E Schiller faz amarrações muito pertinentes nesse sentido. Ele argumenta que as famílias têm diferentes graus de transgressões morais, comportamentos que ultrapassam o limite da ética, em maior ou menor grau. Essas transgressões também existem nos governos de qualquer natureza, mesmo que veladas. Mas nas tiranias, elas são escancaradas e funcionam como uma autorização, um salvo-conduto para as pessoas trazerem para a esfera pública, trangressões já vivenciadas, no ambiente privado.
"A Paixão Pela Mentira” desperta ainda mais interesse em um momento em que o número de líderes autoritários cresce, no mundo. E o que mais chama a atenção é o apoio popular expressivo a esses líderes.
O estudo anual, que mede o Índice de Democracia em 167 países, da revista britânica The Economist, apontou que 39% da população mundial, ou dois em cada cinco habitantes do planeta, vivem sob regimes autoritários, em 60 países, atualmente. Um fenômeno sem precedente, desde os anos 30.
Em muitos desses países, há traços comuns entre os líderes autoritários: incitação à violência; estímulo ao sentimento de ódio pelo adversário e pelo diferente; o adversário político é transformado em um inimigo a ser eliminado; exaltação do machismo e o ódio ao feminismo e aos homossexuais; armamento da população, como saída para a falta de segurança; prática do extermínio; recurso à mentira de forma sistemática; negação da realidade, como o aquecimento global e a crise climática; pauta de costumes regressiva; perseguição ao pensamento crítico, à jornalistas, aos intelectuais; interferência no sistema de ensino, em escolas e universidades e prática de censura. A lista é extensa.
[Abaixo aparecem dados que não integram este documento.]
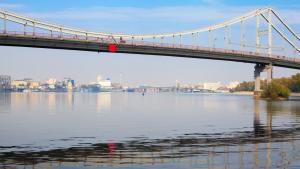 Антоновският мост единствената шосейна връзка между южния украински град Херсон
A crise financeira do capitalismo, iniciada em 2008, e suas consequências, como a depressão econômica, o desemprego e o aumento da criminalidade, são fatores que ajudam a explicar a ascensão de líderes que se apresentam como "salvadores da Pátria”.
Para Schiller, se buscamos a origem e a solução dos nossos males em algo que não nos concerne, se nos livramos da responsabilidade pelos nossos atos, tendemos a entregar nossa sorte a políticos, que dizem saber o que é bom para cada um de nós. Aí mora o risco de nos entregarmos cegamente e sem questionamentos. É quando acontece a paixão pela mentira e abrem-se as portas para ascensão do autoritarismo.